Find the dimensions of a cylindrical can with a volume of \(206in^3\) that minimizes the surface area.
The “#10 can”is a standard sized can used by the restaurant industry
that holds about \(206in^3\) with a
diameter of \(6\frac{2}{16}in\)
and height of \(7in\). Does it seem
these dimensions were chosen with minimizaon in mind?
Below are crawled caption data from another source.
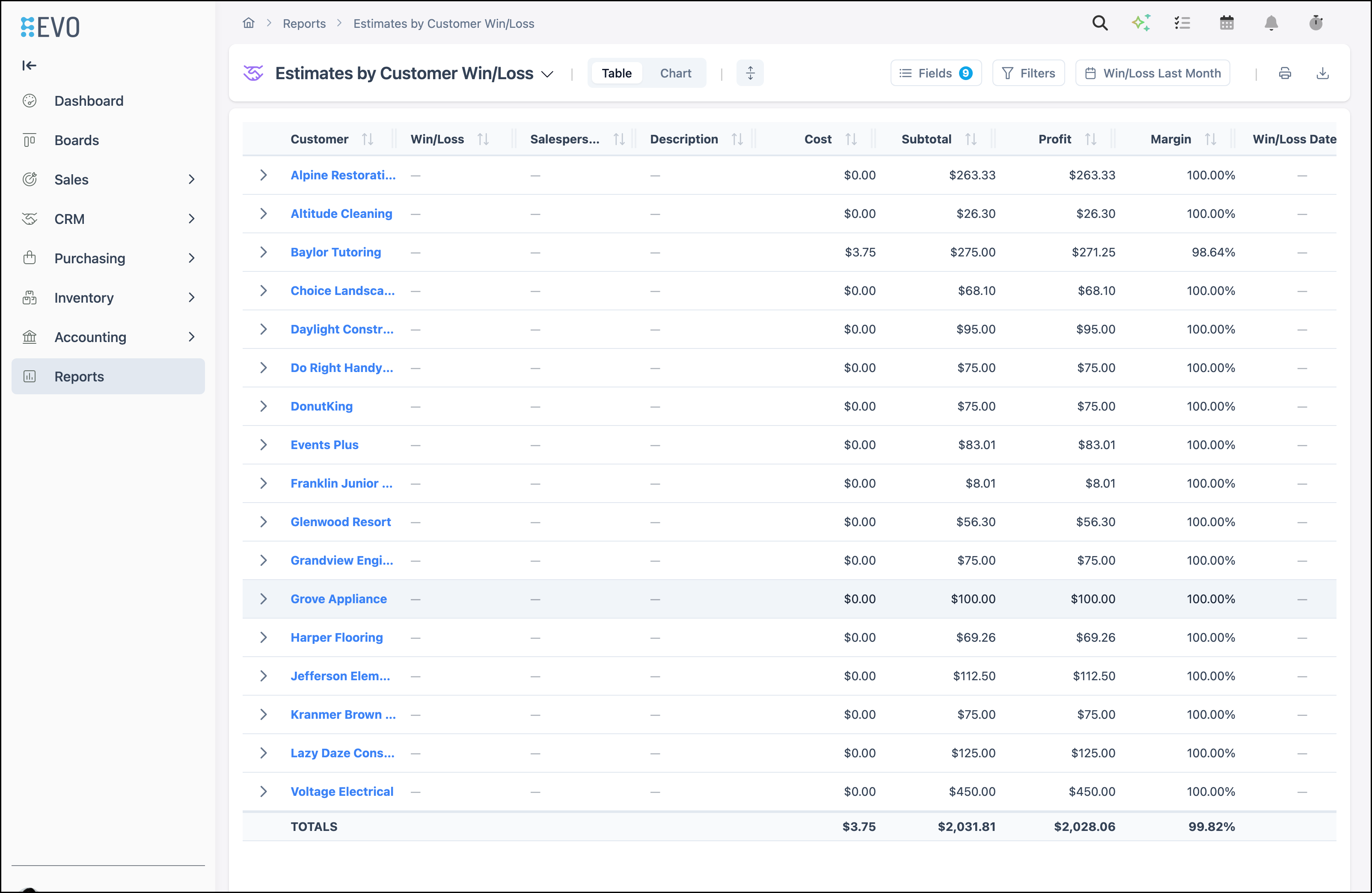 Estimates by Customer Win/Loss report table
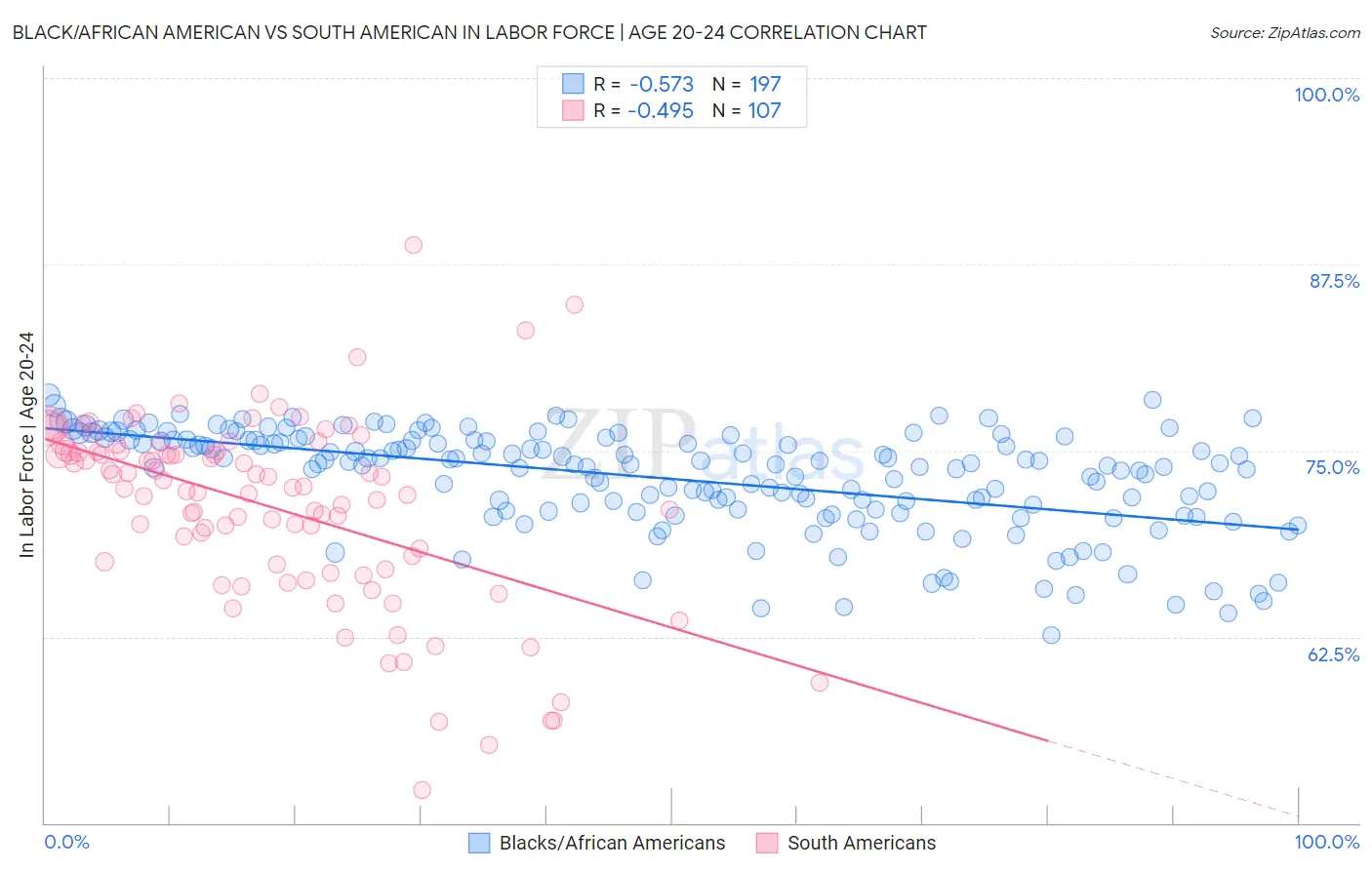 Black/African American vs South American In Labor Force | Age 20-24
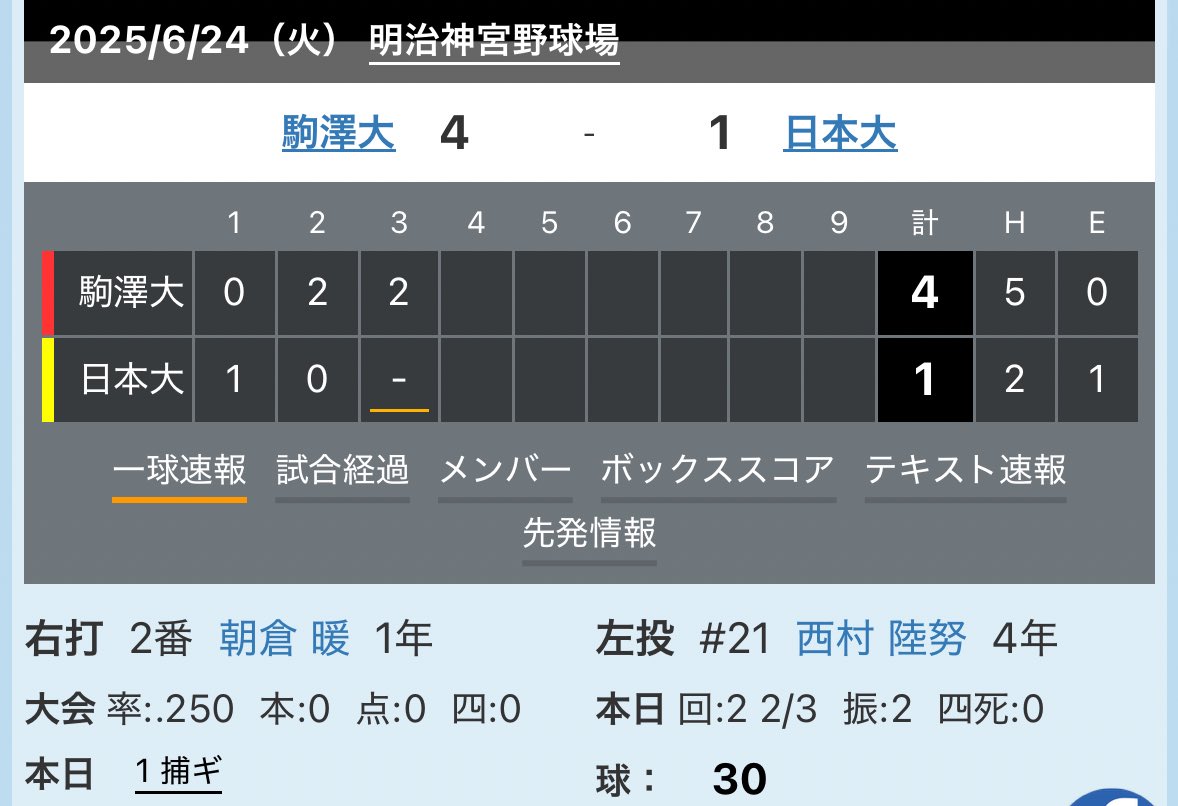 本日は東都の入れ替え戦を観戦する予定でしたが、眠りについたのが遅くなり残念ながら試合開始に間に合わず断念…
一球速報でチェックしていきます⚾️
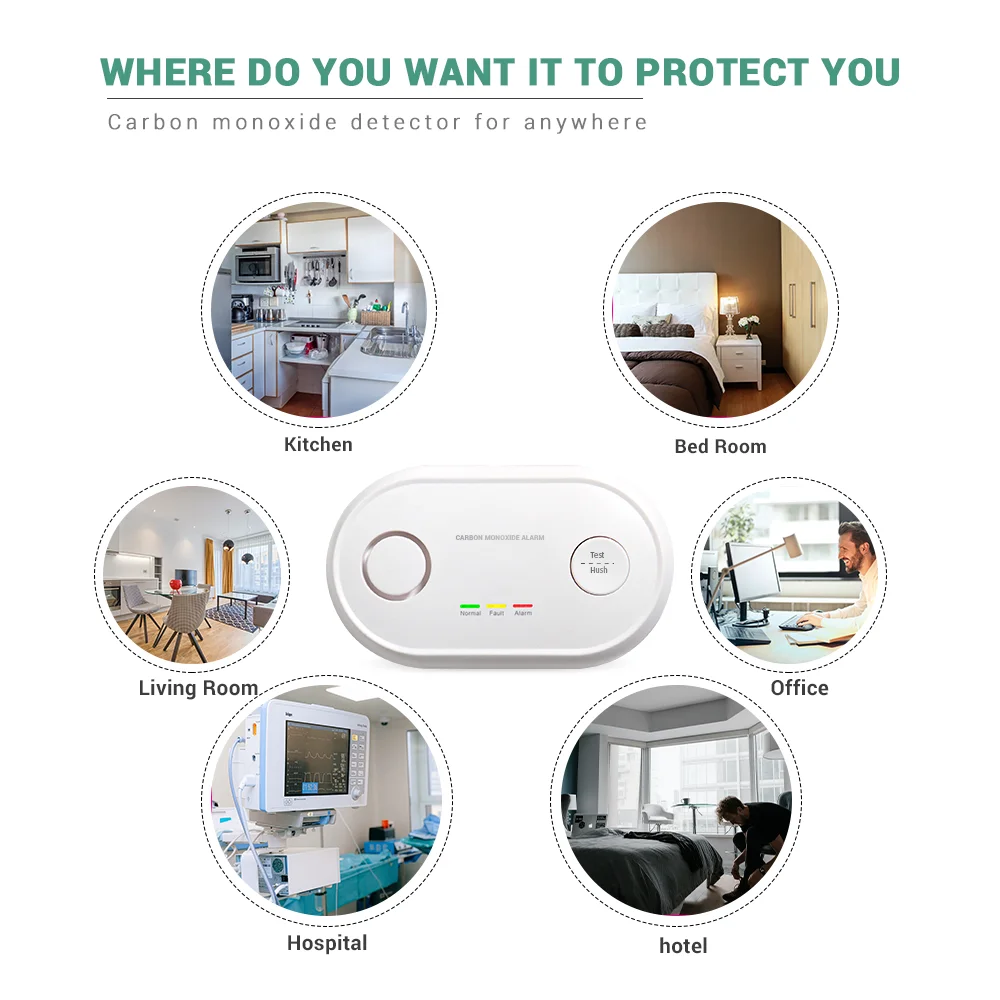 ANKA Smart Security Alarms EN50291 Certified Temperature Humidity Display Voice Alarm Independent Carbon Monoxide Detector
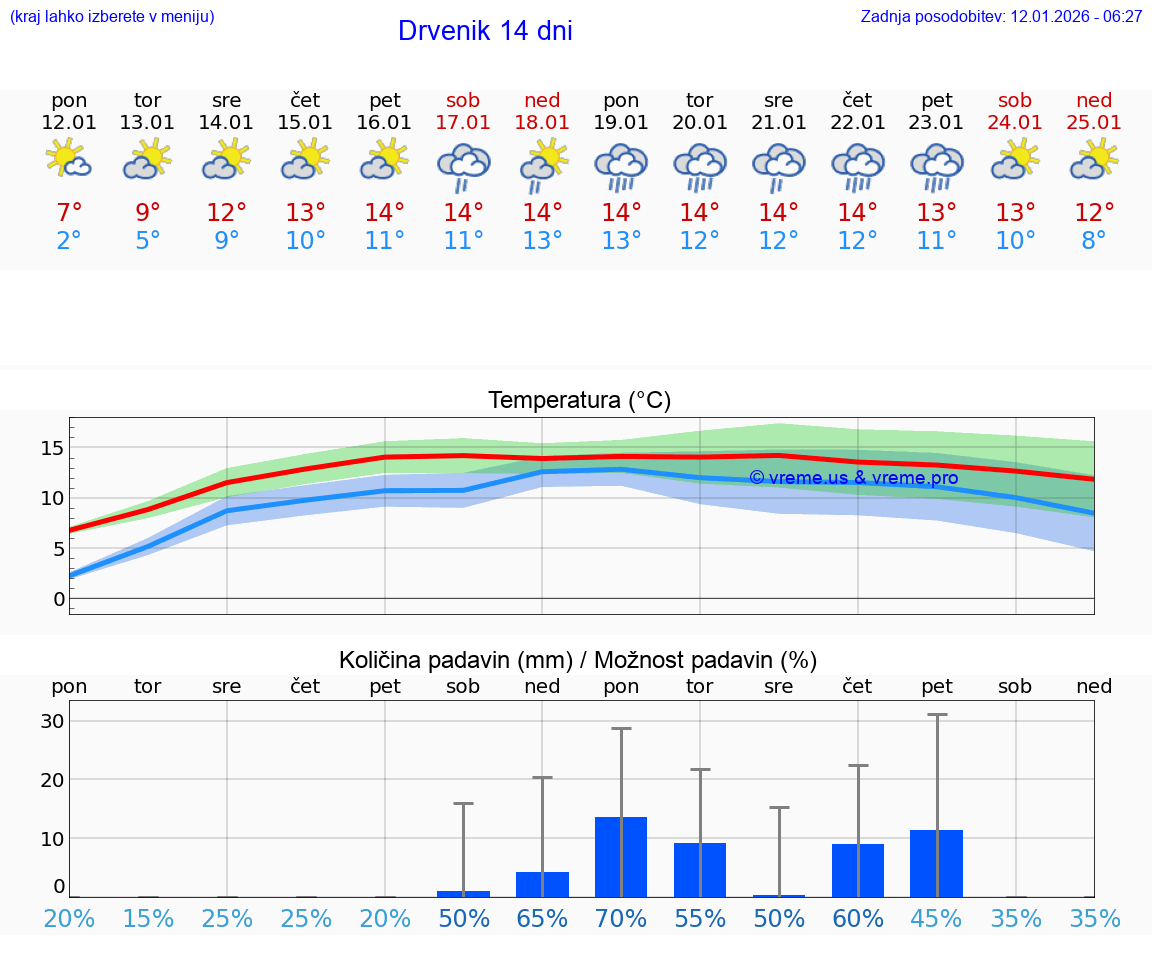 VREME 25 DNI Drvenik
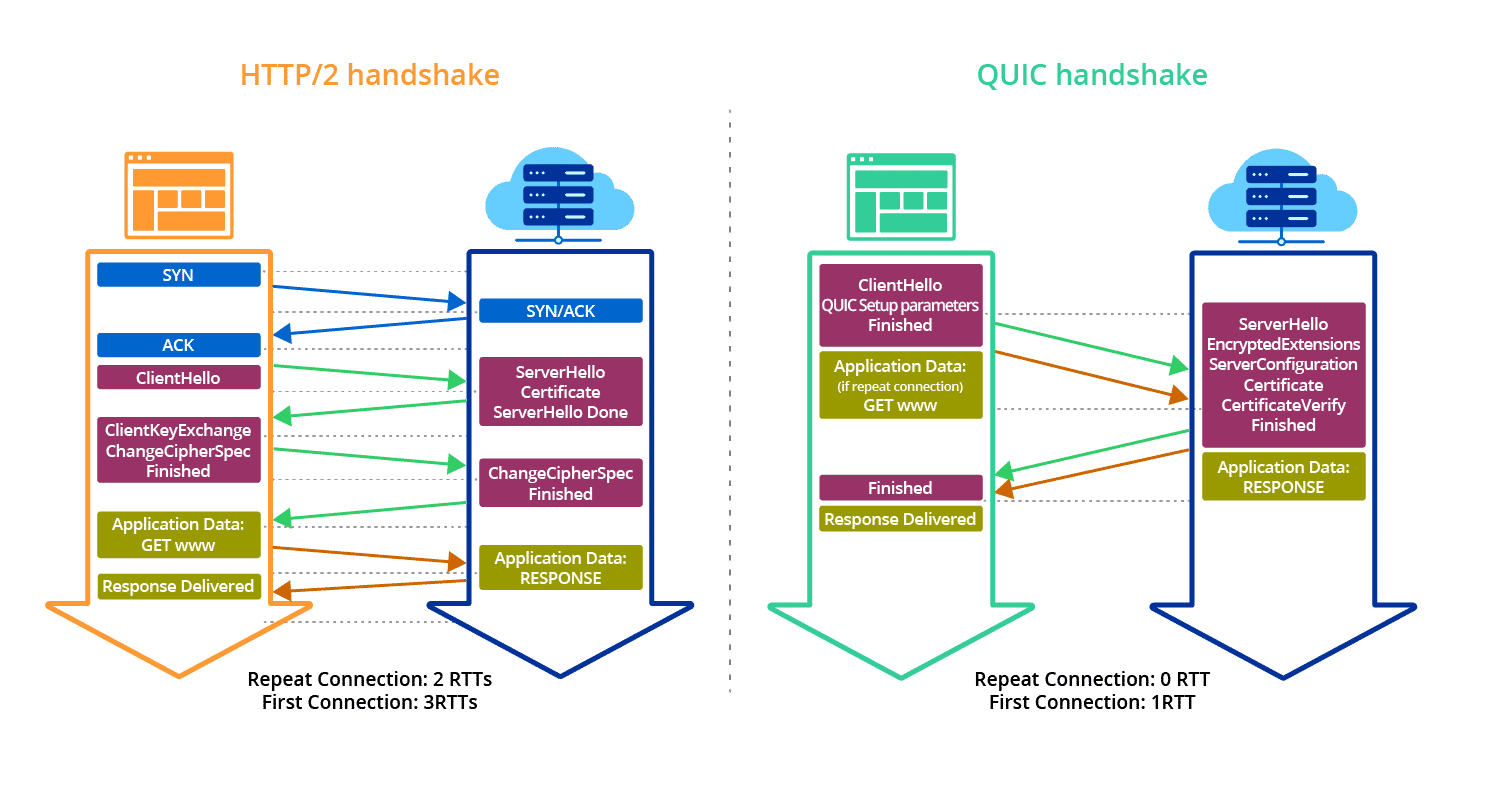 Quic TLS el sıkışması nasıl yapar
Surface area, A of a cylinder; \[
A = 2\pi r^2 +2\pi rh
\] Volume, V of a cylinder; \[
V = \pi r^2h
\] Given V = \(206in^3\), solve
for h; \[
\begin{aligned}
206 &= \pi r^2h \\
h &= \frac{206}{\pi r^2} \approx \frac{65.57184}{r^2}
\end{aligned}
\] Substitue h into surface area; \[
\begin{aligned}
A(r) &= 2\pi r^2 + 2\pi r(\frac{65.57184}{r^2}) \\
&= 2\pi r^2 + \frac{412}{r}
\end{aligned}
\] To minimize the surface area, differentiate A, and set to
zero; \[
\begin{aligned}
A'(r) = 4\pi r - \frac{412}{r^2} &= 0 \\
4\pi r &= \frac{412}{r^2} \\
r^3 &= \frac{412}{4 \pi} \\
r &= 3.200583 \approx 3.2
\end{aligned}
\] To check if r corresponds to a minimum, check if \(A''(r) > 0\) \[
\begin{aligned}
A''(r) &= 4\pi + 2\frac{412}{r^3} \\
&= 4\pi + \frac{824}{r^3}
\end{aligned}
\] Since r is always positive then \(A''(r)\) is always positive. Thus,
r = 3.2 is corresponds to a minimum
Now, solve for h; \[
\begin{aligned}
h &= \frac{65.57184}{r^2} \\
&= \frac{65.57184}{3.2^2} \\
&= 6.401167 \approx 6.4
\end{aligned}
\] The height and radius that would correspond to a minimum
surface area is \(height = 6.4in\) and
\(radius = 3.2in\)
From this, the dimensions of a standard can are not chosen with minimization in mind.